Otra influencia patente en la obra es la de Cela. En muchos pasajes, pero sobre todo en la caracterización de personajes, en el afán de creación artística por el camino de la estilización caricaturesca, la construcción sintáctica, la puntuación, el estilo aparentemente coloquial pero de cui-dada elaboración, semeja al mejor Cela. Pero si en el tratamiento literario de los personajes y las situaciones propio de Cela se oscila entre la deformación cómica y la sátira despiadada, entre el humor negro y el ingenio burlesco, en El Lazarillo de Palma hay una profunda piedad y simpatía por todo cuanto su autor contempla. Porque contempla su mundo, el mundo constituido por su tierra y su gente, y vierte sobre él la comprensión y afecto de su palabra connotativa.
También en la estructura de la novela se manifiestan influencias de la obra de Cela. El hilo conductor del relato está en el carácter autobiográfico, en la narración en primera persona, en la conciencia del protagonista-narrador, y no en el desarrollo de una misma acción o en el proceso vital de unos personajes dentro de un mundo coherente. La novela resulta, de tal manera, un amplio conjunto de anécdotas y detalles dotados de poder de sugestión, de fina gracia, cuando no de alegre comicidad.

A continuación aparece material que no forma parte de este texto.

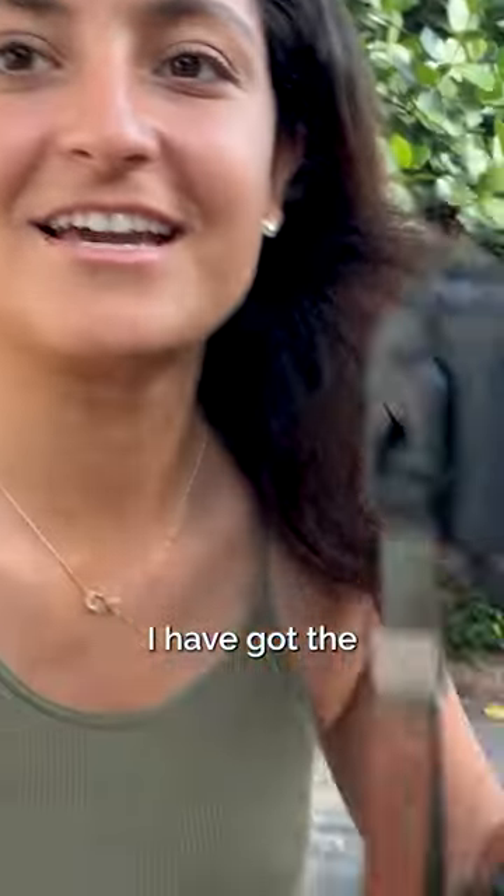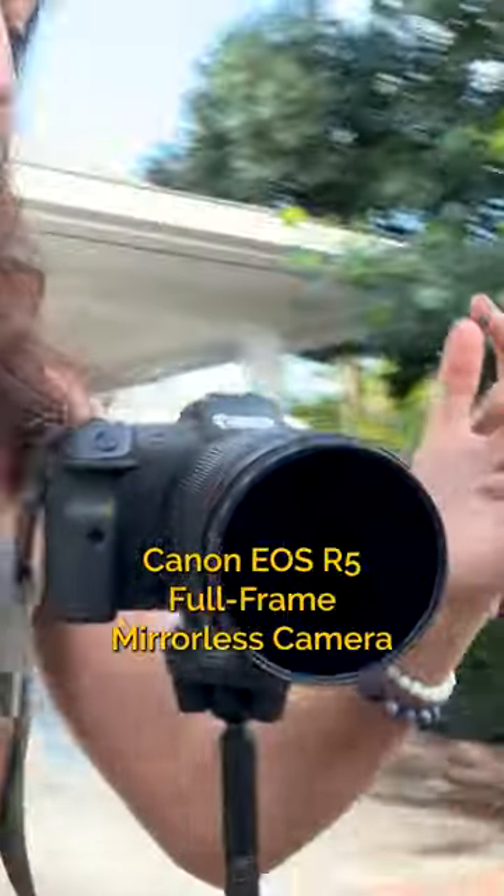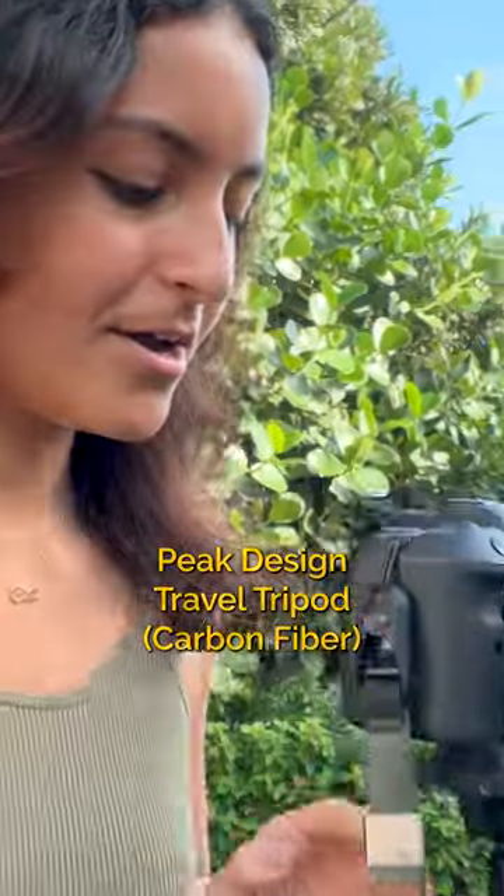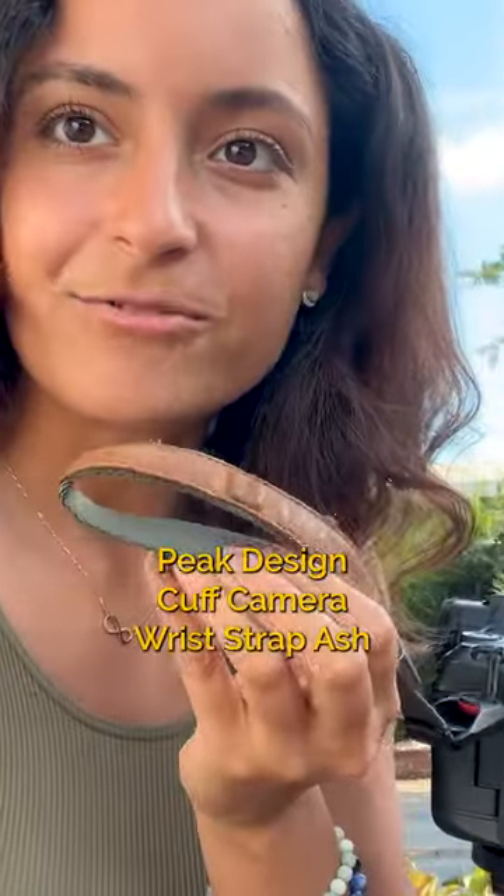Here we are. I have got the Canon R5 setup right here. This is the R5 with the 24-70 lens on it, mounted on the Peak Design tripod with the Peak Design wrist strap.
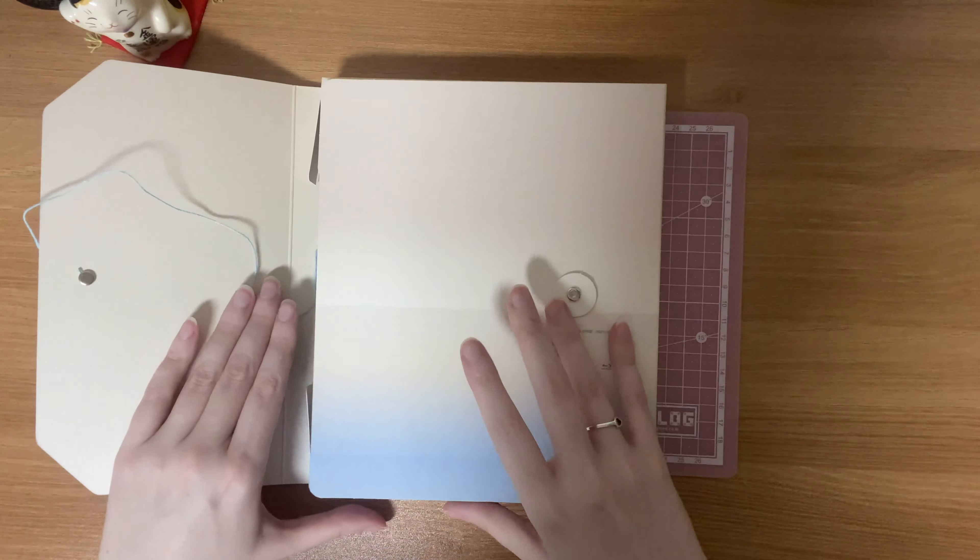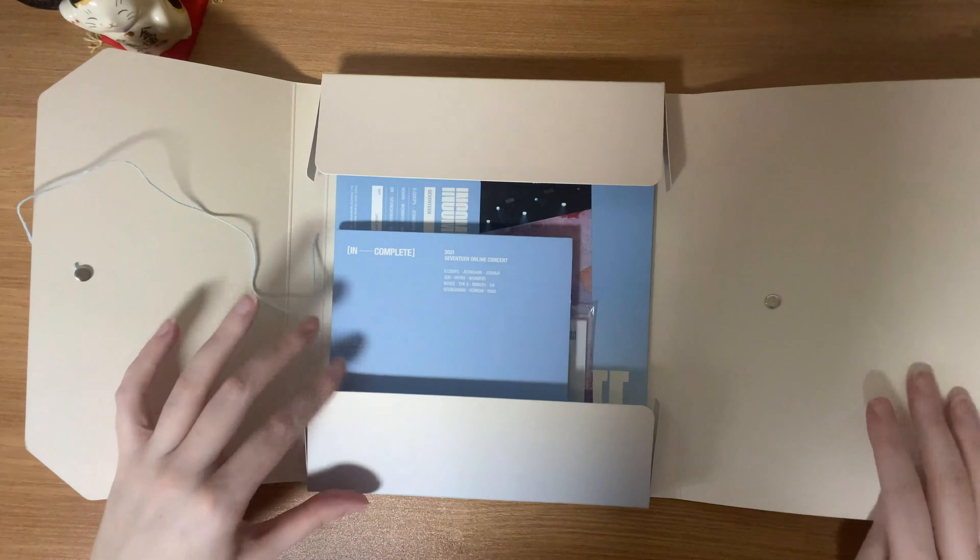Hi again, everyone. So today I received my incomplete online concert Blu-ray in the mail. I received the DVD a few weeks back and already opened that one. So I thought I would unbox this one since it has some different inserts as far as I know. And because I ordered it within a certain time frame, they also sent an extra gift, which was like a unit photo and a frame.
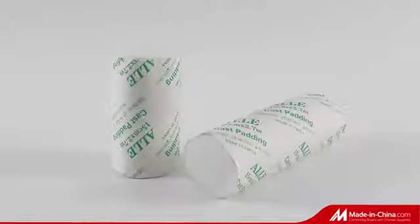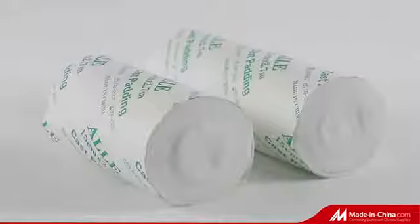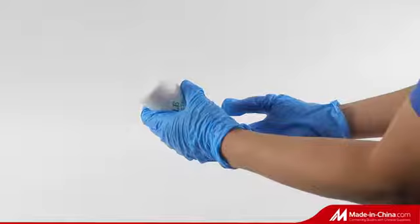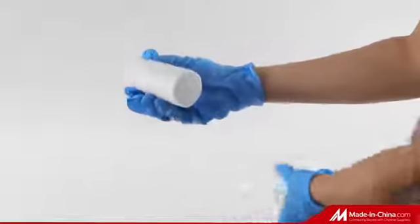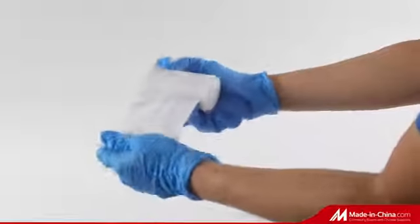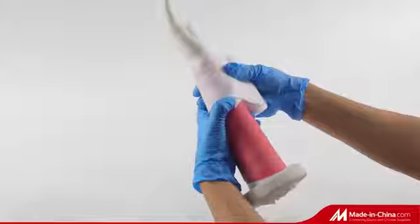Cast padding is a synthetic, protective orthopedic bandage. It uses medical non-woven cloth, cotton, or polyester as its raw material. It is widely used as a cushioning material with plaster of Paris bandage or fiberglass bandage to protect skin and eliminate heat.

Por la obra desfilan personajes de todo tipo, la mayoría de ellos, o tal vez todos, reales; con sus nombres verdaderos o supuestos, según el caso. Personajes que el autor ha conocido a lo largo de su amplia trayectoria vital y que nos presenta siempre trazados con maestría, con vigor, con pocos pero acertados rasgos, lo que es propio de su técnica expresionista.
El humor que traspasa el libro entero, que es parte esencial de la visión del mundo de su autor, no le abandona en las páginas últimas, en que el pícaro hace previsiones sobre su propia muerte y sepelio. Aquí no podemos evitar un cierto escalofrío ante lo que muy bien podemos considerar la visión estoica, serena de la muerte, tan entrañada en la cultura de nuestra tierra.
El Lazarillo de Palma, en suma, es un libro rico en muchos sentidos. Rico en argumentos y en anécdotas; rico en vocablos, giros y expresiones; rico en experiencias y en saberes. Un libro humano, profundamente humano, en el que advertimos de continuo la personalidad de su anónimo autor, su espíritu inquieto, curioso; cordial, afectuoso; irónico, burlón.